→ **WHAT YOU SHOULD DO**: Set down exactly, from the records below, the line with "Set de canapele" through the line with "Image 4 of 4", and nothing else.

Records from a collection:
►

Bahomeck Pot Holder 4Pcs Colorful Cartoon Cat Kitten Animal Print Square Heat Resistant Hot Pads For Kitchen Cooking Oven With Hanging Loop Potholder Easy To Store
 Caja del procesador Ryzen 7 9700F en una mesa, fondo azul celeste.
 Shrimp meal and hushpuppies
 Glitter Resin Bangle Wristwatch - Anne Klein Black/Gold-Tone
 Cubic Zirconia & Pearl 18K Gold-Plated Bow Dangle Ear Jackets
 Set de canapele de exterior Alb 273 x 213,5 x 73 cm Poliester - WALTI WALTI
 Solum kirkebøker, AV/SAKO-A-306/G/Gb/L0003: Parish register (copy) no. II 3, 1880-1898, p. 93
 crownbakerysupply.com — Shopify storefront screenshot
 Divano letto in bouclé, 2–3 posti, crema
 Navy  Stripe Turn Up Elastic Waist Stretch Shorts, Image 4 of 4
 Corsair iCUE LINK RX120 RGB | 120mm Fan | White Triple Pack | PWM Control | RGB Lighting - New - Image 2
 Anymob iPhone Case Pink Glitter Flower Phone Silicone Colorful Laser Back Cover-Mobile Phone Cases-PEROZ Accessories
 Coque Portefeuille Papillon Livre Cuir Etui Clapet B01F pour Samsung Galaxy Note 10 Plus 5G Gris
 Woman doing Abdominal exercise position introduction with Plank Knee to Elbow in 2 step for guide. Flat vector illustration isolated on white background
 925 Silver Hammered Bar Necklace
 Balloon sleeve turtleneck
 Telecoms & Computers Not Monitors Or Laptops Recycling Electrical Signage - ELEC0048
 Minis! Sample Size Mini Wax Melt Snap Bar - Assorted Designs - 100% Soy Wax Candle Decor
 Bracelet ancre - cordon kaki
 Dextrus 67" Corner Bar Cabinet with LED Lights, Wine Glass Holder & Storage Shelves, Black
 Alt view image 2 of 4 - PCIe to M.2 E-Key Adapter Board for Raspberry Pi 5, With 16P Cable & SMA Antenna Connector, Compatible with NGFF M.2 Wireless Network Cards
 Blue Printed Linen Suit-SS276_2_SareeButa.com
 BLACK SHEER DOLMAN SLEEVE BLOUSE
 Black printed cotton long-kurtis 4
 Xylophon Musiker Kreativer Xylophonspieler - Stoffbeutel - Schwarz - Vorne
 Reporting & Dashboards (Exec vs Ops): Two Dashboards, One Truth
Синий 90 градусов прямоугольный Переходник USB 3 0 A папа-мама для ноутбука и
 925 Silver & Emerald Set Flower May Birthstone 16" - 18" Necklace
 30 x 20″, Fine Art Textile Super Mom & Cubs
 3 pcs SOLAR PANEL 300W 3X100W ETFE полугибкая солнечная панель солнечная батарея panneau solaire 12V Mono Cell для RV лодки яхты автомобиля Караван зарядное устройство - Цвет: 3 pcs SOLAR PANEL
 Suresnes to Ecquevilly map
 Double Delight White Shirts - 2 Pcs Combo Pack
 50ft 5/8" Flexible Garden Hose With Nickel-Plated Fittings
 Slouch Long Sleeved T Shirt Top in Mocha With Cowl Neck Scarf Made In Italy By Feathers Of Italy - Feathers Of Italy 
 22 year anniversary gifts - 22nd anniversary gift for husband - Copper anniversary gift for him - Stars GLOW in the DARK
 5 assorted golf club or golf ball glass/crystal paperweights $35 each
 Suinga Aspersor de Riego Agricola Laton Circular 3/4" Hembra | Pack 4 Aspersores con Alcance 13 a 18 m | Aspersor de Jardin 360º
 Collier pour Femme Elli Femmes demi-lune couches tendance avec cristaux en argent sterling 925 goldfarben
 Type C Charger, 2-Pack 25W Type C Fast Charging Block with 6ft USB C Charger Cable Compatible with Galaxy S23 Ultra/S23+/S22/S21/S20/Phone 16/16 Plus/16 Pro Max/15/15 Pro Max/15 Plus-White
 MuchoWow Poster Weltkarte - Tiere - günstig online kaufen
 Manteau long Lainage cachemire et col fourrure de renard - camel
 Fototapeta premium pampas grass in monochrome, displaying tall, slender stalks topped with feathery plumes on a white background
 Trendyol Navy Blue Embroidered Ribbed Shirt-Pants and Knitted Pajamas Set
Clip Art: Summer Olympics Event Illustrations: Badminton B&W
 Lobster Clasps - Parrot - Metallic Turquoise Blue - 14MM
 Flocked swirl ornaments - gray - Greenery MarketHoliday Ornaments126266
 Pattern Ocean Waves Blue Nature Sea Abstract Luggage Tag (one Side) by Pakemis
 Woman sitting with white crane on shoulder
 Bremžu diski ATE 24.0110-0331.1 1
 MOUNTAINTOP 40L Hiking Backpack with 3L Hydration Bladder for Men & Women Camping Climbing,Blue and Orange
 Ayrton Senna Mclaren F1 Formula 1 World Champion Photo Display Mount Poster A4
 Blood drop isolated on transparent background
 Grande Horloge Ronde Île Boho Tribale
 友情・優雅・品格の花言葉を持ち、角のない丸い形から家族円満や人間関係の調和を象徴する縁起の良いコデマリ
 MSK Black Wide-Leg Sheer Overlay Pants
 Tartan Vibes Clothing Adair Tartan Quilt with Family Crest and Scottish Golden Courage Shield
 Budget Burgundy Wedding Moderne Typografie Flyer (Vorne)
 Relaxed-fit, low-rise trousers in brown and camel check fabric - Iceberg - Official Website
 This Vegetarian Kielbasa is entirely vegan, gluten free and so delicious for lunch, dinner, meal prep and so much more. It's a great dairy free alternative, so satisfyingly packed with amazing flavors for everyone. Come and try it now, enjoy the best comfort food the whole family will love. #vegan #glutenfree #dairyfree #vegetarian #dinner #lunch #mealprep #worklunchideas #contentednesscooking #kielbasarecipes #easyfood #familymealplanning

◄

→ **FINISHED TASK**:
 Set de canapele de exterior Alb 273 x 213,5 x 73 cm Poliester - WALTI WALTI
 Solum kirkebøker, AV/SAKO-A-306/G/Gb/L0003: Parish register (copy) no. II 3, 1880-1898, p. 93
 crownbakerysupply.com — Shopify storefront screenshot
 Divano letto in bouclé, 2–3 posti, crema
 Navy  Stripe Turn Up Elastic Waist Stretch Shorts, Image 4 of 4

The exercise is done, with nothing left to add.